Task directions → Each line of the material must be repeated precisely, with the pictures left out.

Extracted entries →

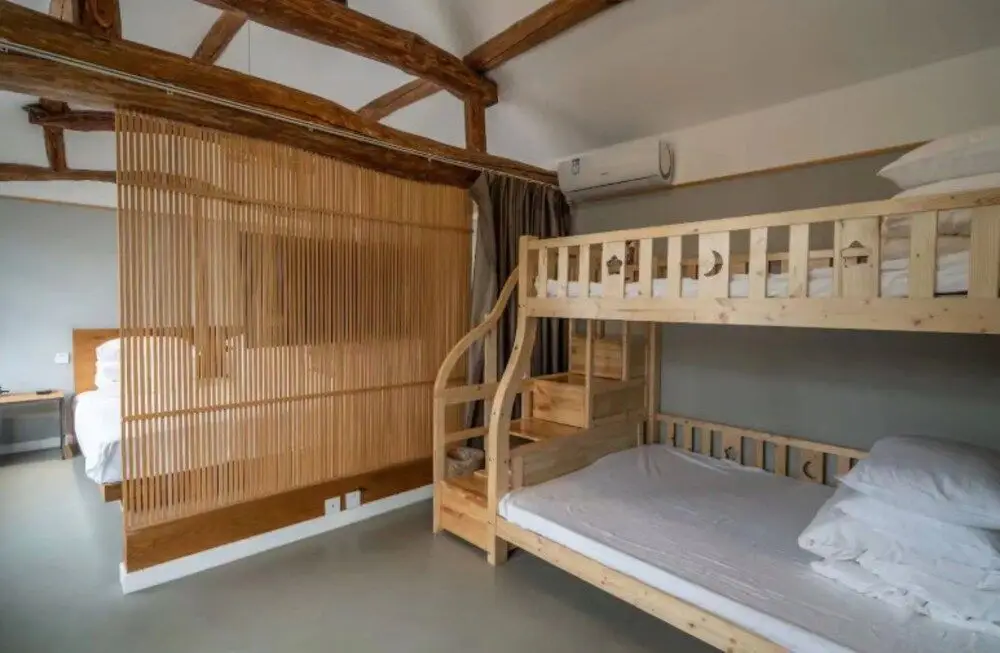 Пекин: Mountain View Boutique Inn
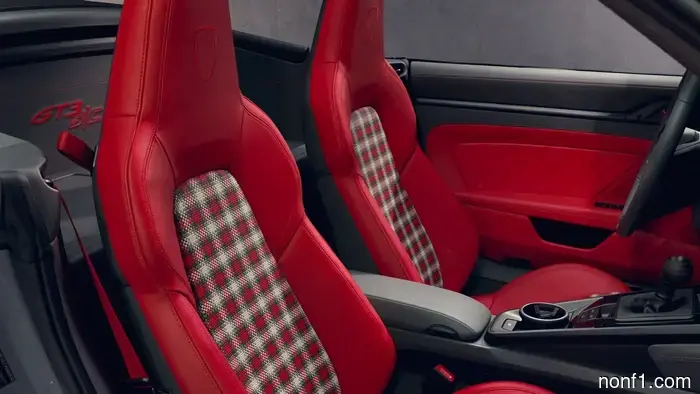 2027 Porsche 911 GT3 S/C — это ручной, открытый дань NA Flat-Six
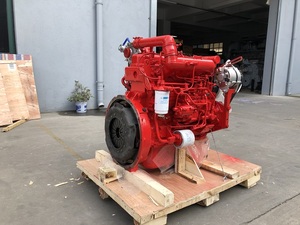 Động Cơ Diesel Chất Lượng Cao CY4102BZQ 4BD1T Động Cơ Xe Tải Nhẹ Động Cơ 88kw - Product Image 4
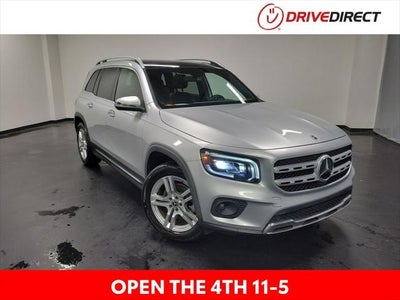 2021 Mercedes-Benz GLB GLB 250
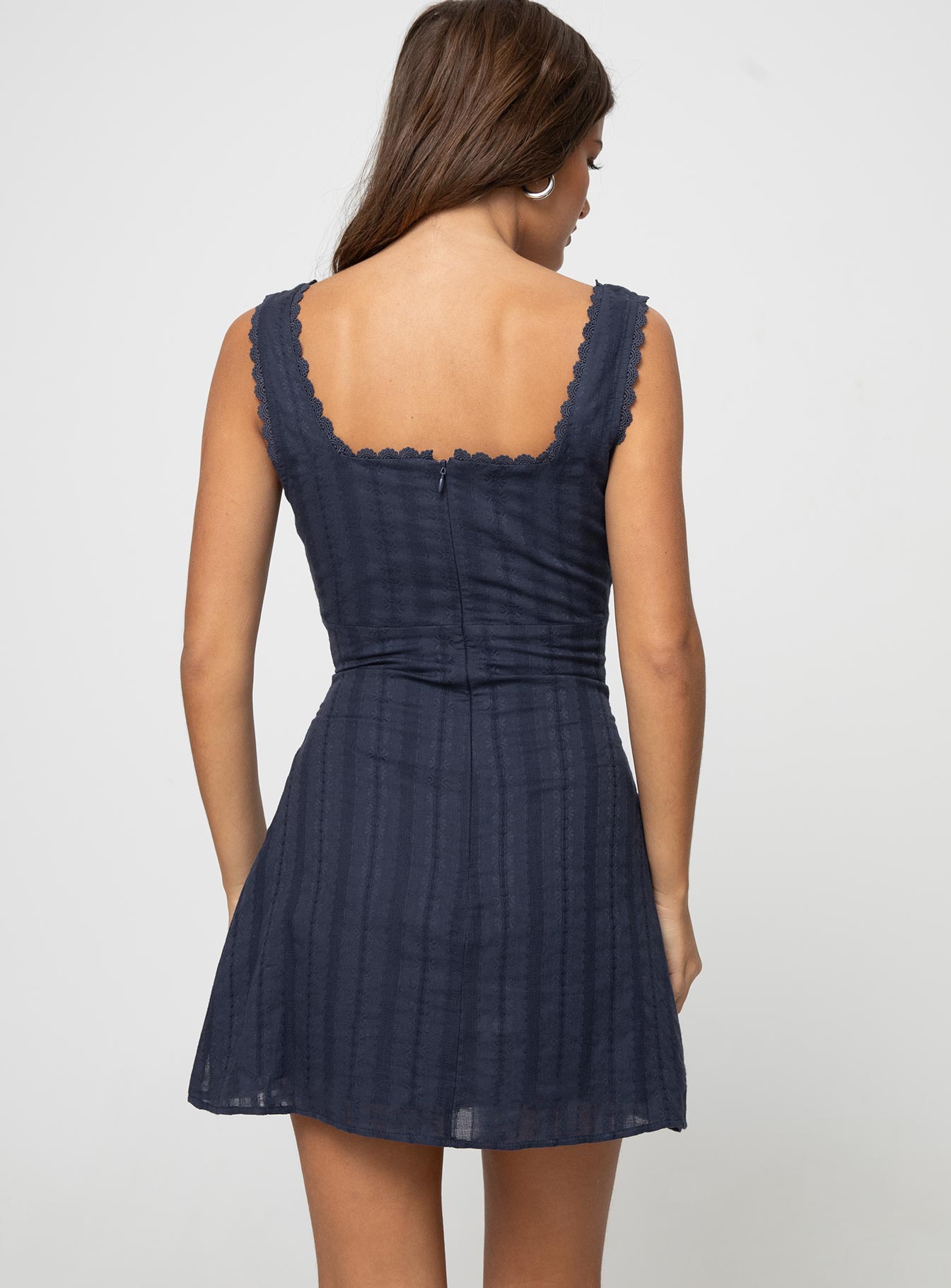 Navessa mini dress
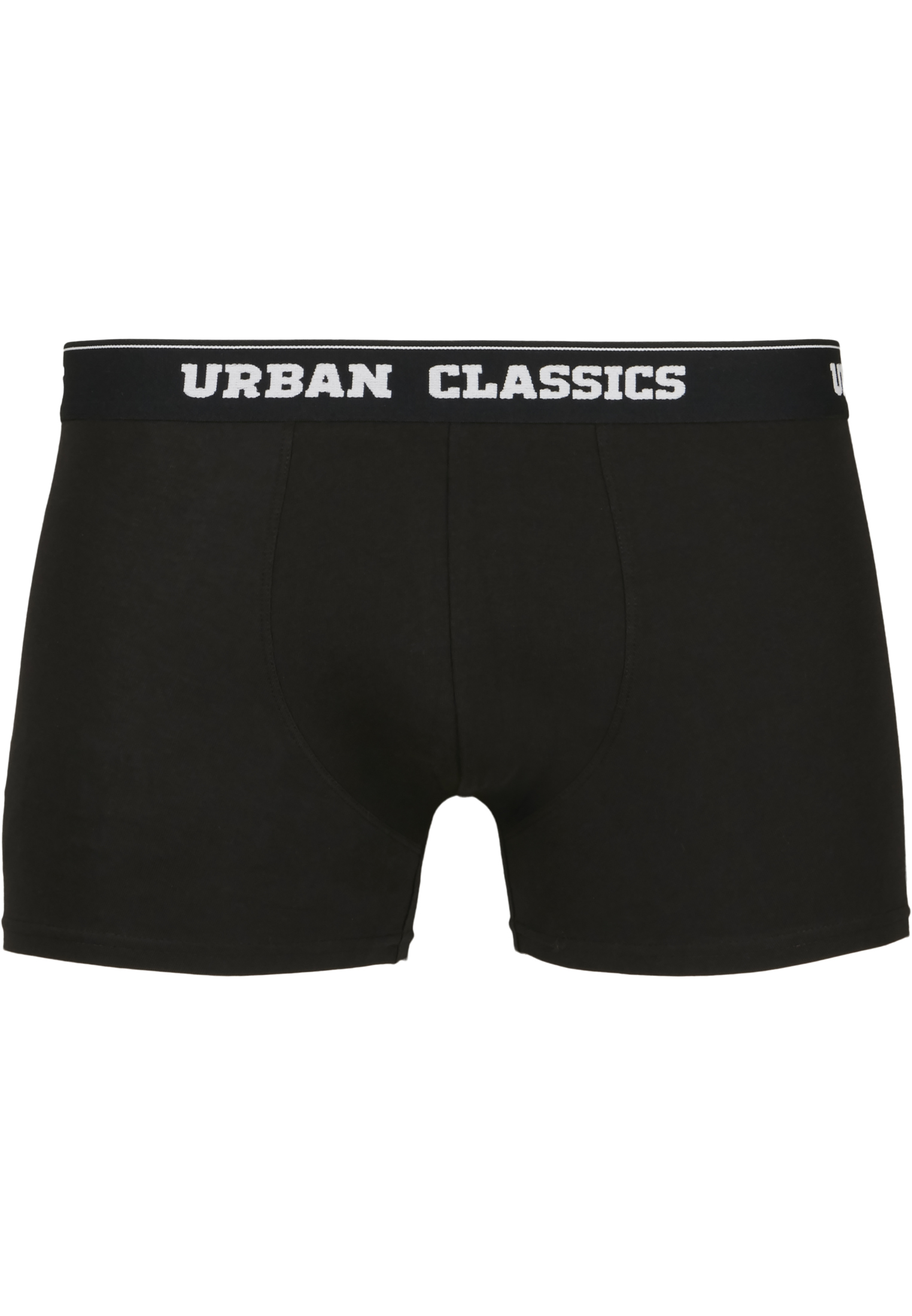 Boxer Shorts 5-Pack bur/dkblu+wht/blk+wht+aop+blk 3XL - variant image 1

Completed exercise →
 Пекин: Mountain View Boutique Inn
 2027 Porsche 911 GT3 S/C — это ручной, открытый дань NA Flat-Six
 Động Cơ Diesel Chất Lượng Cao CY4102BZQ 4BD1T Động Cơ Xe Tải Nhẹ Động Cơ 88kw - Product Image 4
 2021 Mercedes-Benz GLB GLB 250
 Navessa mini dress
 Boxer Shorts 5-Pack bur/dkblu+wht/blk+wht+aop+blk 3XL - variant image 1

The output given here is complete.